# Short descriptive text snippets
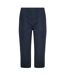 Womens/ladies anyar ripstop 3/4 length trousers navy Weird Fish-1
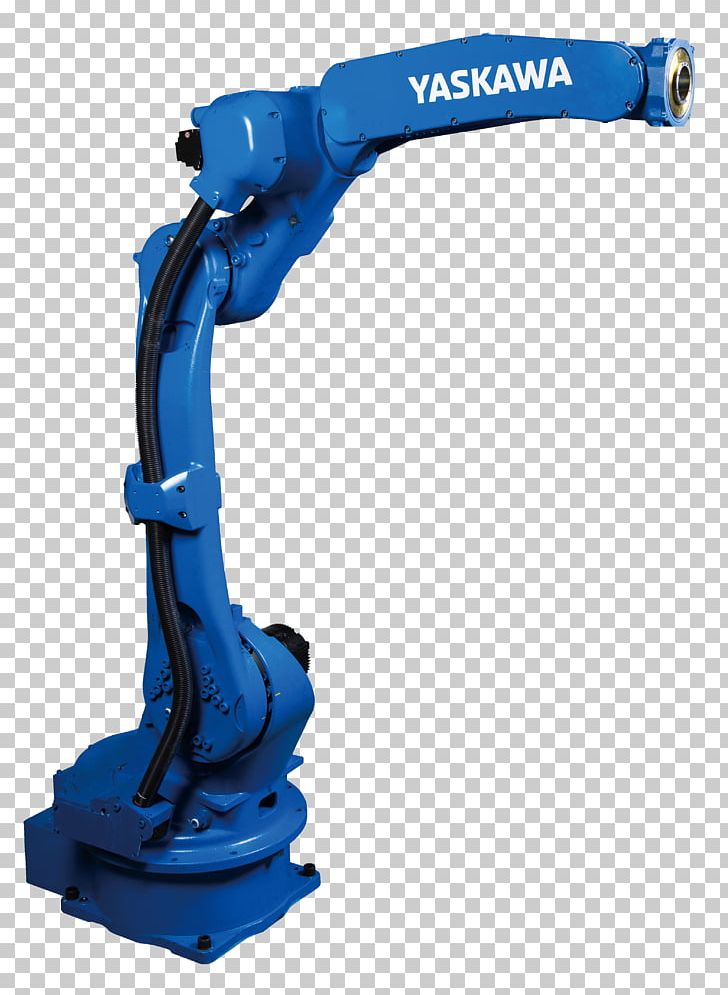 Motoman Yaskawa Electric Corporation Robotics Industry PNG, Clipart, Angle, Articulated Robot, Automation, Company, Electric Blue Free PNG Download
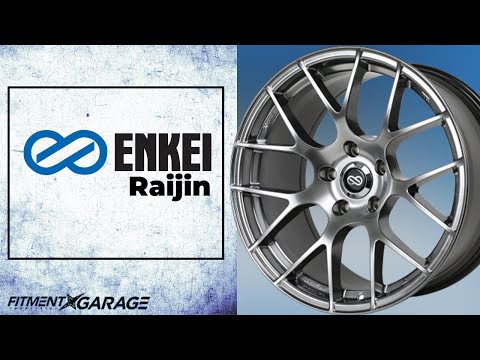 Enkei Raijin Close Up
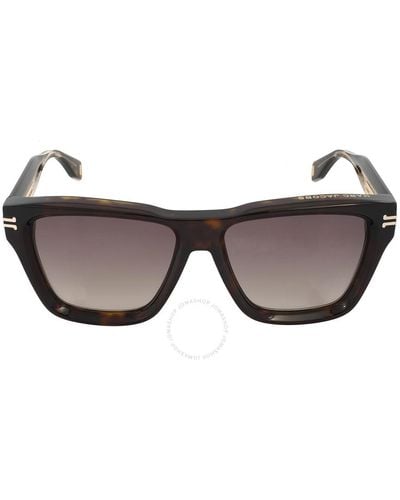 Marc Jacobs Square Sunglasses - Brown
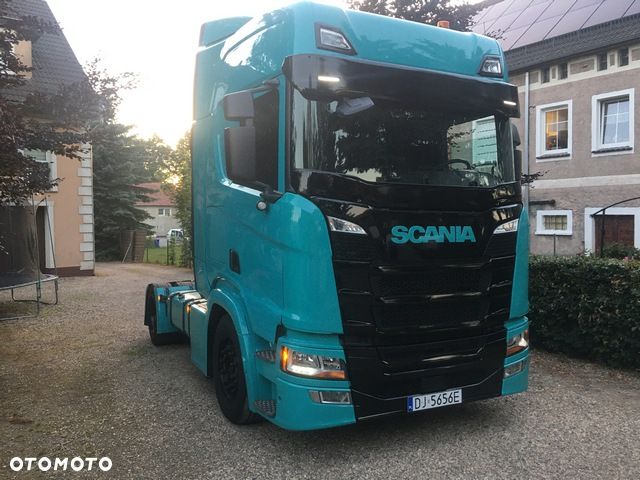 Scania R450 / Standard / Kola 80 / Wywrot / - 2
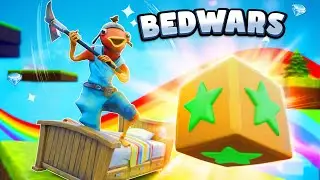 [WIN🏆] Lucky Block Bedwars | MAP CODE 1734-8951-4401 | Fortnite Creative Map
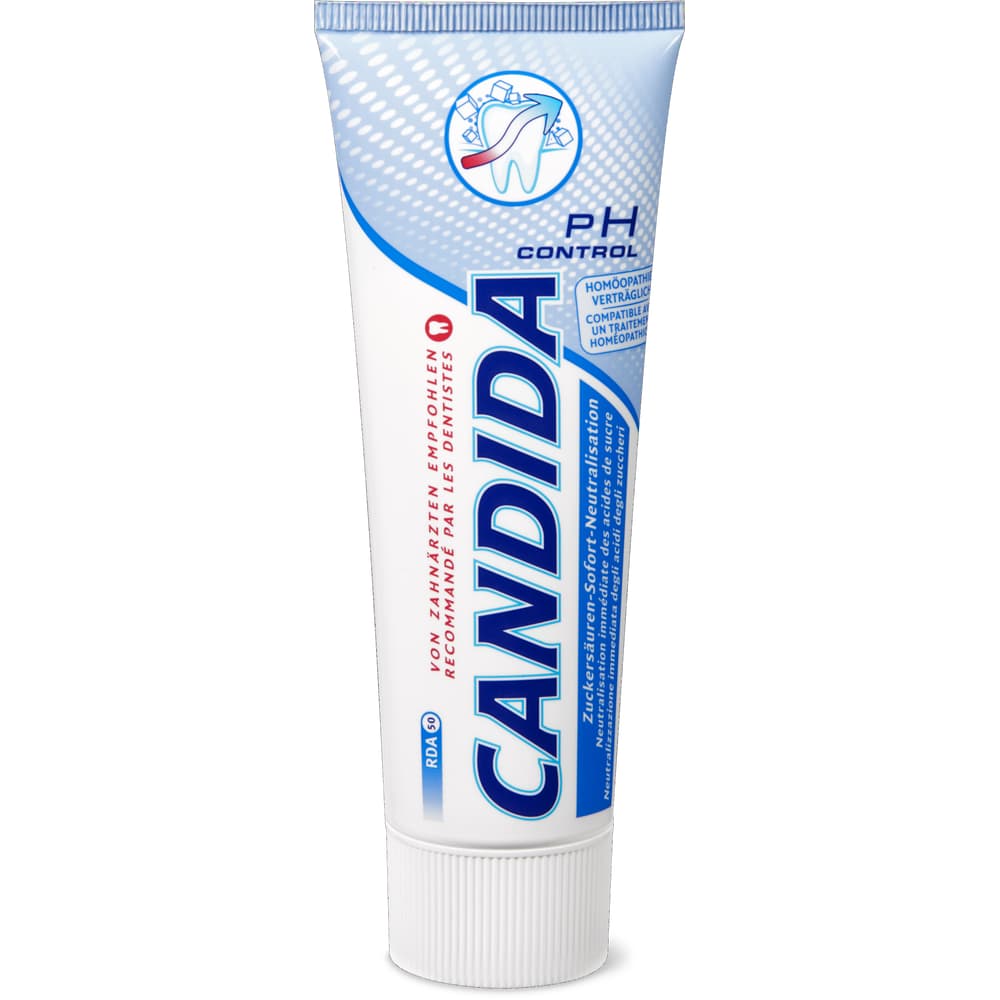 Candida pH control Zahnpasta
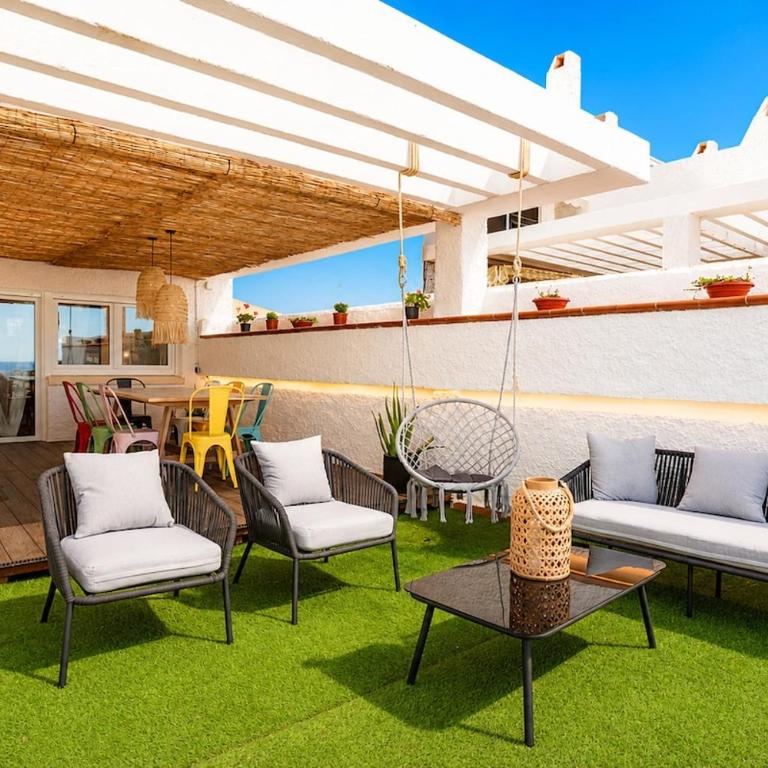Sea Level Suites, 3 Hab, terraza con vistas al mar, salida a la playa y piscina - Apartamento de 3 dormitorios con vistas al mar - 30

# Your goal
Counting the line with "[WIN🏆] Lucky Block" and the last line of the data above, transcribe those two lines and every line between them exactly, without the pictures.

# Response area
 [WIN🏆] Lucky Block Bedwars | MAP CODE 1734-8951-4401 | Fortnite Creative Map
 Candida pH control Zahnpasta
Sea Level Suites, 3 Hab, terraza con vistas al mar, salida a la playa y piscina - Apartamento de 3 dormitorios con vistas al mar - 30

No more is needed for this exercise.